这是他第一次养宠物狗,为此特意购置了许多宠物用品,还买了个能通过手机遥控移动的智能监控摄像头,方便上班时看看家里的情况。
不过事实上他和晏昭野的分离并未持续满三个月。在两个半月后的一个傍晚,他们某种形式的“团聚”便提前到来了。
深冬的联邦天黑得早。这天顾凛序下班回家,刚推开家门,就看见一团白色的毛球伴着圆头圆脑的监控摄像头一起滚了过来。
萨摩耶摇着尾巴绕着他打转,而监控传来顾凛序熟悉的声音:
“听到我说话了吗?”
顾凛序惊讶地蹲下身子:“晏昭野?”
他拿出手机,发现自己的监控APP被踢下线了,不用想肯定是前两天借口来看狗的杨雪蚕和钱千琳干的好事。
“顾调查官,你有没有想我?”晏昭野的声音带着笑意,通过操控监控,笨拙又执着地挤开舔顾凛序的萨摩耶。
顾凛序看着这个滑稽的迎接仪式,有点好笑又有点无奈:“你怎么把我踢下来了?”
“自然是为了看你啊,不然怎么第一时间见到你?”晏昭野答得理直气壮,“有没有想我?”
“你什么时候回来?”顾凛序问出了最关心的问题。
“快了,估计还有不到半个月吧,”晏昭野语气轻松,“现在项目结束了,我刚从封闭区出来,被安排住在了别处,老秦说还得再住几天。不过他允许我可以和你联系了。”
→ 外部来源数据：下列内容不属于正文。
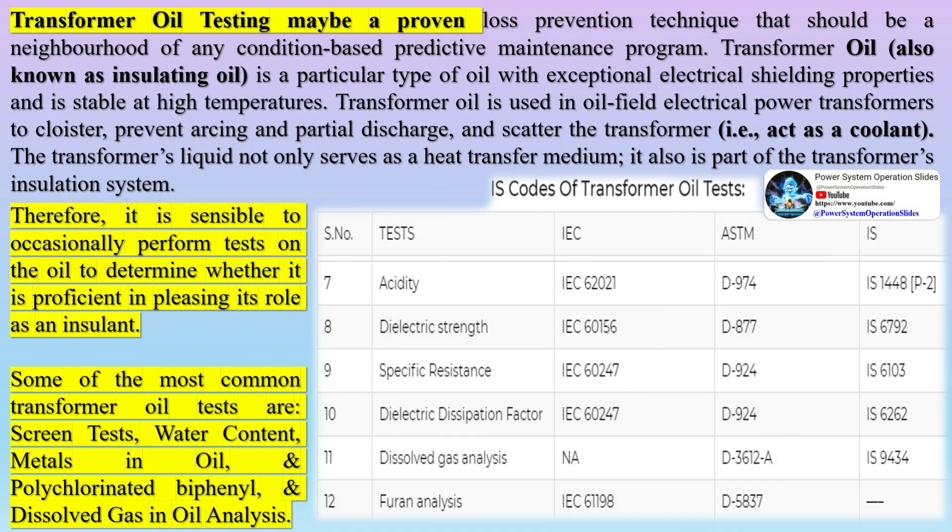Transformer oil, also known as insulating oil, is a particular type of oil with exceptional electrical shielding properties and is stable at high temperatures. It is used in oil-filled electrical power transformers to provide insulation, prevent arcing and partial discharge, and dissipate heat, acting as a coolant.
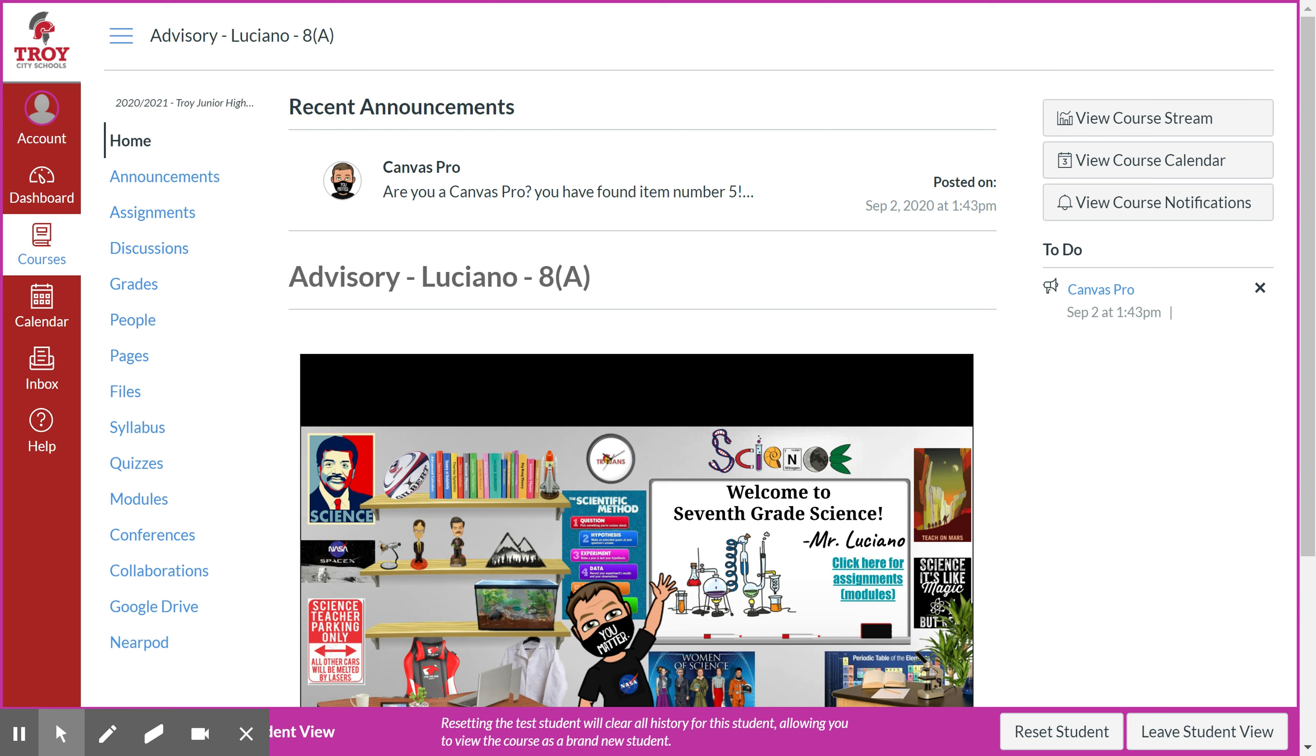Here we are at the home page for Canvas and you'll notice at the top you'll see recent announcements. Your first or your most recent three announcements should pop up at the top of your home screen.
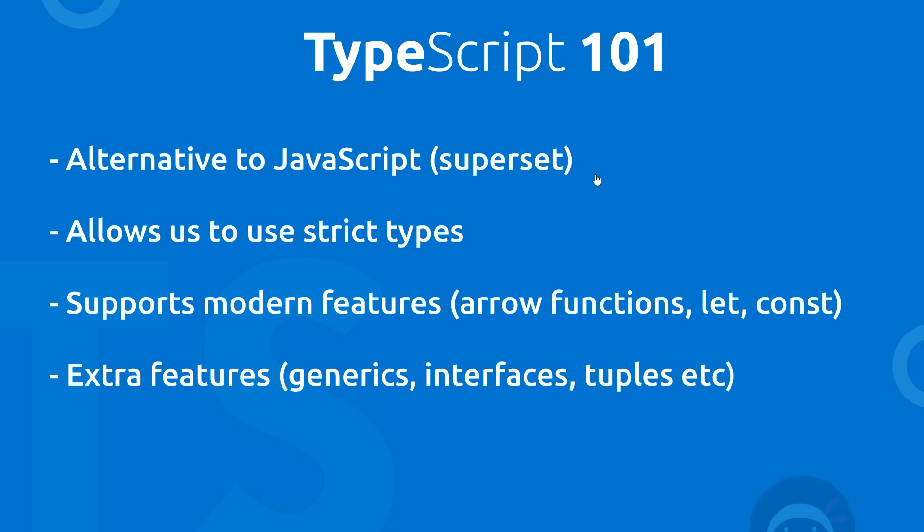Now browsers by default, they do not understand TypeScript like they do JavaScript. So when we write TypeScript, we then have to compile it down into JavaScript in order for browsers to understand it. Now do not let that extra step put you off using TypeScript because in most cases, it's very easy to compile it down and TypeScript comes with a load of useful features.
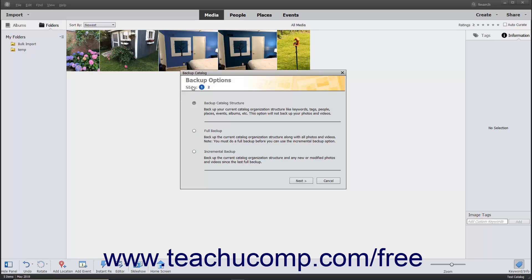At that point, the Backup Catalog dialog box appears. A new option starting in Photoshop Elements 2021 is the ability to select the Backup Catalog Structure option, which only backs up the catalog's organization structure, but not its actual content.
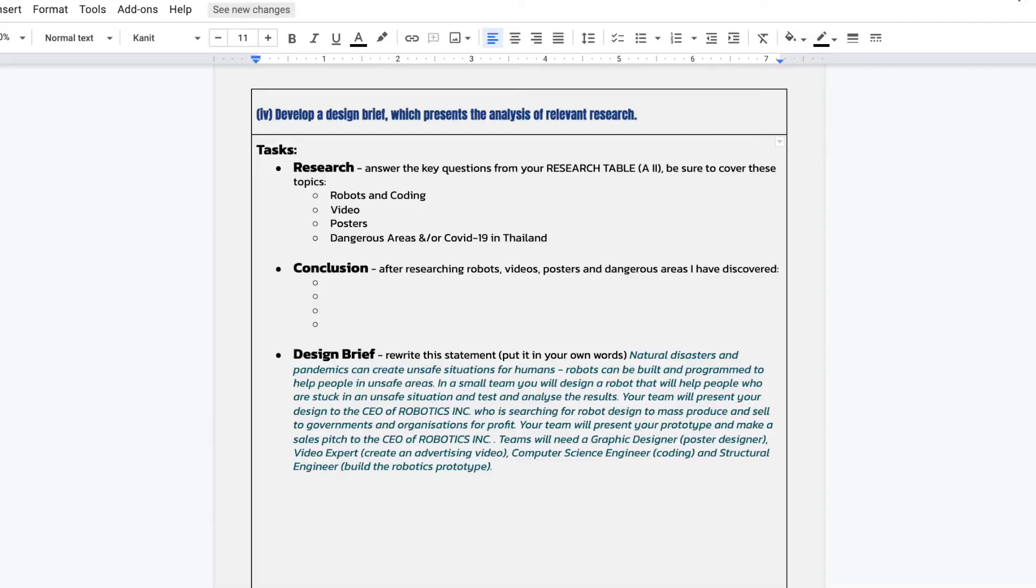Now, I've actually presented a design brief for you, but that's my design brief. I need you to create one. So you can use mine as an example, but rewrite it, reword it to make it your own design brief. And that is the final part of Section 4. So here is Criterion A, Strand IV.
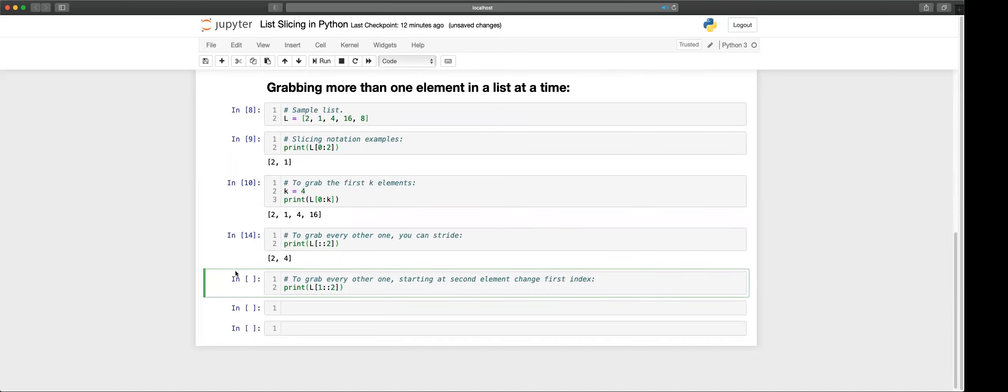If you want to get every other element out of the list but starting from the second, you can do this notation.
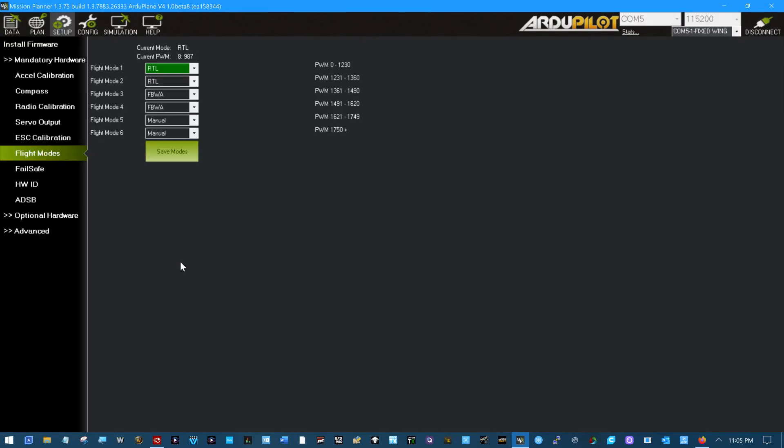Next, flight mode selection. Now this is a little bit another place where the graphic user interface isn't quite right. Let me check one quick.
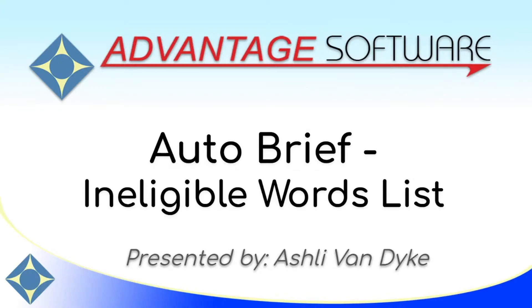Hello and thank you for watching. I'm Ashley Van Dyke with Advantage Software, and on today's video, Autobrief Ineligible Words List...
他说得模糊,顾凛序也没有细问。知道人平安,并且归期在即,就足够让自己悬了两个多月的心落回实处。
就这样,在晏昭野可怜兮兮地恳求下,顾凛序最终妥协,不再登录自己手机上的监控APP,默许了家里这个移动眼线存在。
一开始,这种跨越遥远距离、却又能随时“看见”彼此的陪伴确实带来一种别样的亲密感。顾凛序会不自觉地期待下班——推开家门,圆头圆脑的机器会在第一时间迎接他,晏昭野会问他今天过得怎么样。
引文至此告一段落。